2. Description of the Related Art
In recent years, for a device that obtains a tomographic image of a fundus or of the vicinity of the fundus, a scanning laser ophthalmoscope (SLO) or optical coherence tomography (OCT)(optical coherence tomographic device, or optical coherence tomographic method) is used. For the OCT, methods such as a time domain OCT (TD-OCT) (time domain method) and a spectral domain OCT (SD-OCT)(spectral domain method), are available.
When the fundus is photographed by SLO or OCT, the fundus needs to be photographed through an optical structure of an eye, such as a cornea and an eye lens.
An increase in resolution causes aberration of the cornea or the eye lens to greatly influence the quality of a photographed image.
Therefore, research in adaptive optics (AO)-SLO and AO-OCT that is used to provide an optical system with a function of measuring wavefront aberration of an eye and correcting the aberration is being conducted. AO-OCT is discussed by Y. Zhang et al. in Optics Express, Vol. 14, No. 10, 15 May 2006.
In general, AO-SLO and AO-OCT are used to measure the wavefront aberration of an eye with a Shack-Hartmann wavefront sensor system.
In the Shack-Hartmann wavefront sensor system, measurement light is incident upon an eye, and a portion of the light that is reflected is received by a CCD sensor camera through a microlens array, to measure a wavefront. The shape of a deformable mirror is changed so as to correct the measured wavefront, to photograph a fundus through the mirror. It is reported that the resolution of the photographed image is increased in the photographic operation by such a device.

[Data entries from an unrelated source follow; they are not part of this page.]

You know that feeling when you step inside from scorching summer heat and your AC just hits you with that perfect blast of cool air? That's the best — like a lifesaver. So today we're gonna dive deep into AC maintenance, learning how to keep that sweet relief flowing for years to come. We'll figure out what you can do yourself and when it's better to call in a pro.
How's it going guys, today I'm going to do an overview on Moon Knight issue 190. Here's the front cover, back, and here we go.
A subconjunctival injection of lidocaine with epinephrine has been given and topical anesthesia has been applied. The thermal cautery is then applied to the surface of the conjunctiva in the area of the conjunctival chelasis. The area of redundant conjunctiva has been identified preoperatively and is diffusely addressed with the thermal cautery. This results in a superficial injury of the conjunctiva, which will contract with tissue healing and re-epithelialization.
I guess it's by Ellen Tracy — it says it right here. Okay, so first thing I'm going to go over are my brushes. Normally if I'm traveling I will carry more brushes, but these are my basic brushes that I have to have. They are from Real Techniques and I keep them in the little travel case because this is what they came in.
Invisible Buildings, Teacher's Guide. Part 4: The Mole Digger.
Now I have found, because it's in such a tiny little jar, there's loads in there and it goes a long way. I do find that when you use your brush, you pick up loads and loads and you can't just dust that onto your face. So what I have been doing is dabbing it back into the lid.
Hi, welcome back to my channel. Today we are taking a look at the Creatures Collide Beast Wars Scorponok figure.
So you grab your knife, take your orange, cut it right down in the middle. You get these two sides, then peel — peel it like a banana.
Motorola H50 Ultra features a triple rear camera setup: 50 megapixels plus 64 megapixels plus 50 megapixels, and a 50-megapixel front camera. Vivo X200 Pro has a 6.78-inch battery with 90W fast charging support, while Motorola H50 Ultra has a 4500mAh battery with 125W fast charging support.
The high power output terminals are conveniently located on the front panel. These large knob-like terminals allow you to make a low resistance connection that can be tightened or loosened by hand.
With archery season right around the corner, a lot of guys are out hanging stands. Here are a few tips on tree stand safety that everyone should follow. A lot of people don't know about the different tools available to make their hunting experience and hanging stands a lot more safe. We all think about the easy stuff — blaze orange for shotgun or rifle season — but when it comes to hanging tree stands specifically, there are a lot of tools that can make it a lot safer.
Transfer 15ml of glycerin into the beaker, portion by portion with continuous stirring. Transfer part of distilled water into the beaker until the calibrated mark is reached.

In measuring the wavefront aberration of the eye using adaptive optics, as described above, the measurement light is incident upon the eye, and the portion of the light that is reflected is measured.
However, since the reflectivity of the fundus is very low, and the portion of the light that is reflected by the fundus is very weak, the measurement is greatly affected by stray light from other optical elements that is incident upon the sensor.
Since the measurement light is reflected at a surface of an eyepiece disposed along the way, the reflected light is incident upon the sensor as stray light, thereby considerably reducing measurement precision.
Accordingly, in order to reduce the influence of stray light, a method of forming an optical path from the eye to the sensor with a spherical mirror is disclosed in Vol. 13, No. 21/OPTICS EXPRESS 8532/17 Oct. 2005.
However, when the optical path is formed using the spherical mirror, an optical system becomes very complicated, and the size of the optical system is increased. The spherical mirror itself is required to have high precision, and is very expensive.
Therefore, a structure in which an eyepiece portion is assembled in a lens system is discussed in Vol. 29, No. 18/OPTICS LETTER/15 Sep. 2004. In order to prevent light from being reflected at a surface of a lens, an eyepiece system is formed without passing a center axis of the lens therethrough. The eyepiece system is formed so that a light incidence position is situated away from the center of the lens when measuring wavefront aberration with a wavefront sensor and when obtaining an optical image of a test eye by OCT or SLO.